▸ **Supplied data**:
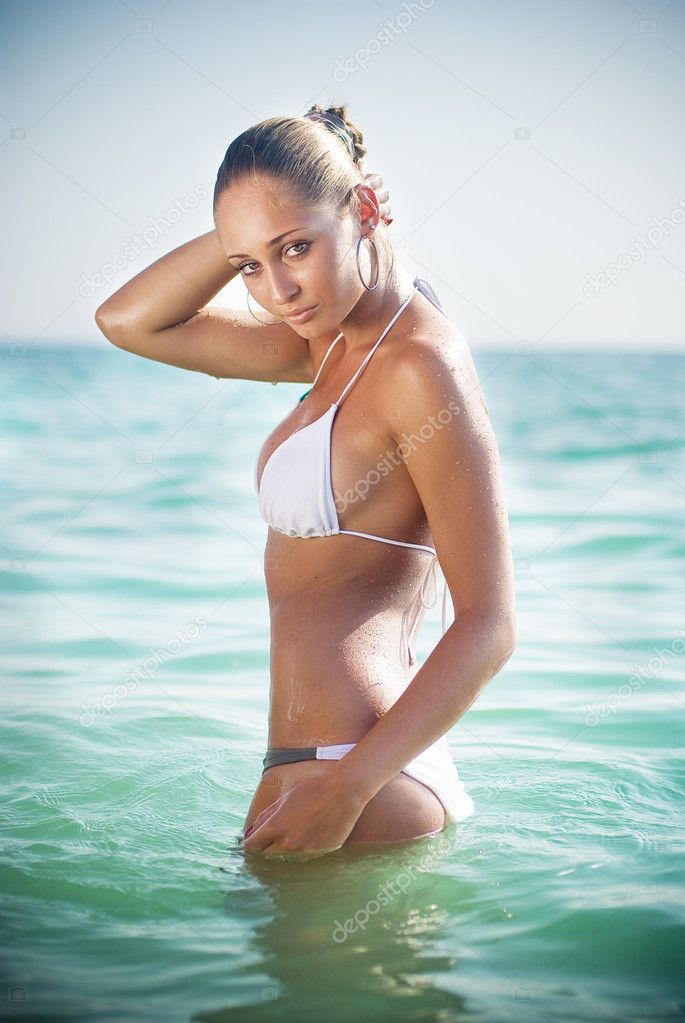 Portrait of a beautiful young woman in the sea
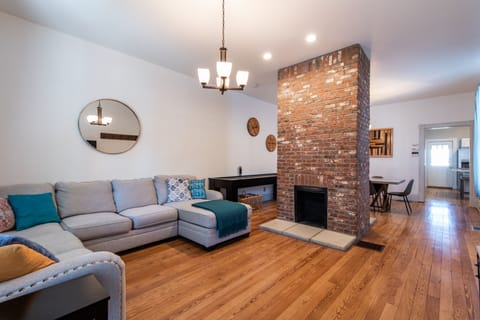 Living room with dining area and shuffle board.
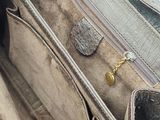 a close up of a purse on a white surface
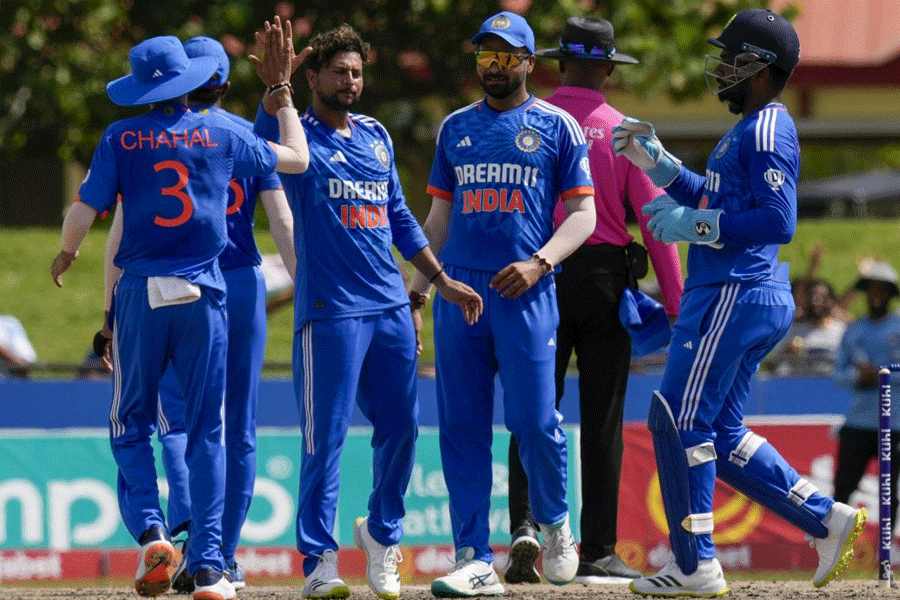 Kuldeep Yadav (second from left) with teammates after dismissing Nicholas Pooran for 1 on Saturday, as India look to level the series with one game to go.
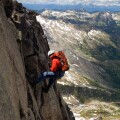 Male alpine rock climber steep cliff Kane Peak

==

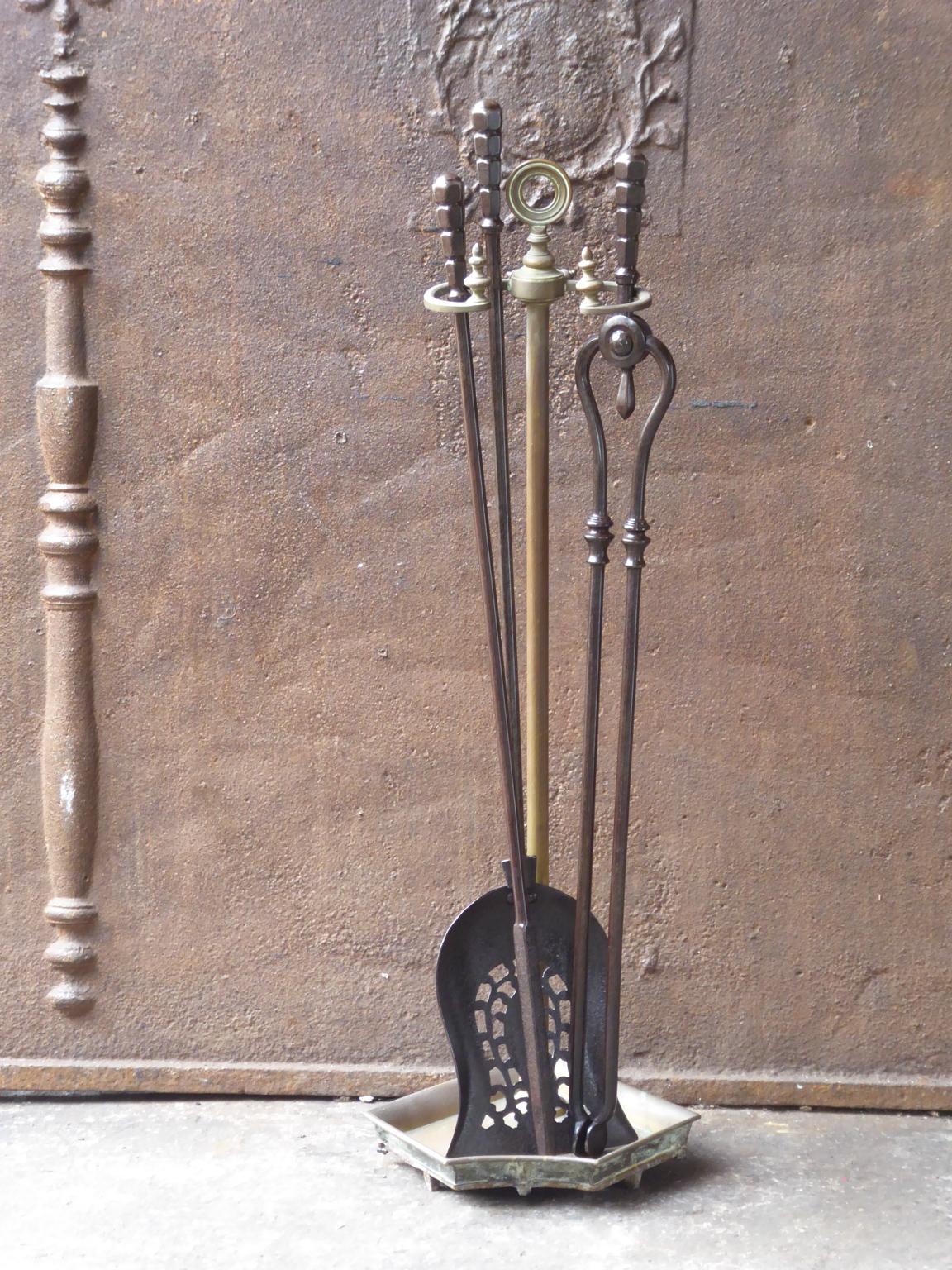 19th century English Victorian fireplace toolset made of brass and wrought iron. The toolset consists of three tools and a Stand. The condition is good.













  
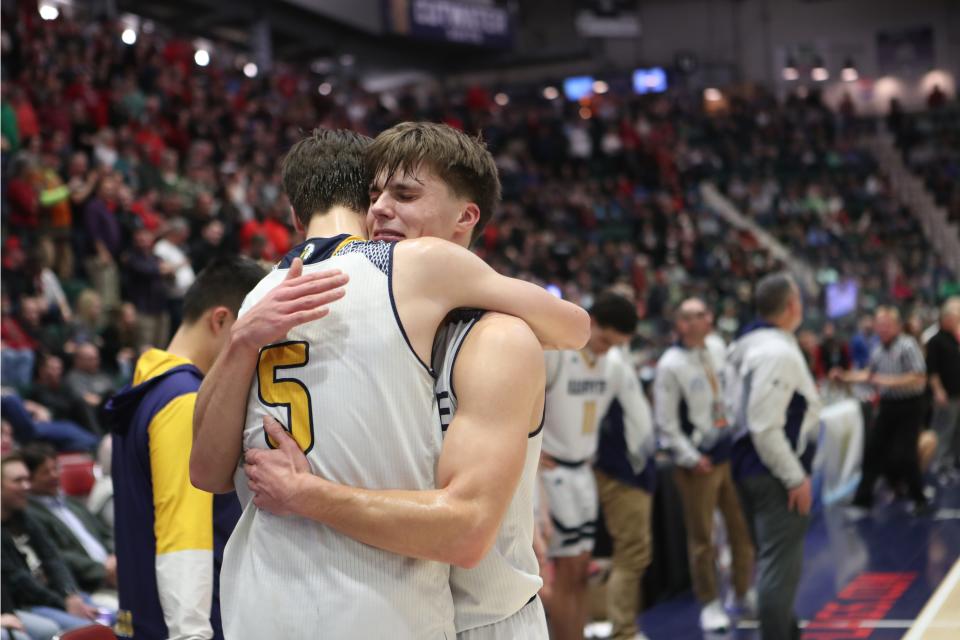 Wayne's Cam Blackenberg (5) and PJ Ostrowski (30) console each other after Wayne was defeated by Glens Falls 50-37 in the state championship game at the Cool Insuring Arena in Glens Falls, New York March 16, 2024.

▸ **Work task**:
Working from the entries above, reproduce exactly and only the lines beginning with the line that has "Kuldeep Yadav (second" and ending with the line that has "Male alpine rock"; omit all pictures.

▸ **Solution**:
 Kuldeep Yadav (second from left) with teammates after dismissing Nicholas Pooran for 1 on Saturday, as India look to level the series with one game to go.
 Male alpine rock climber steep cliff Kane Peak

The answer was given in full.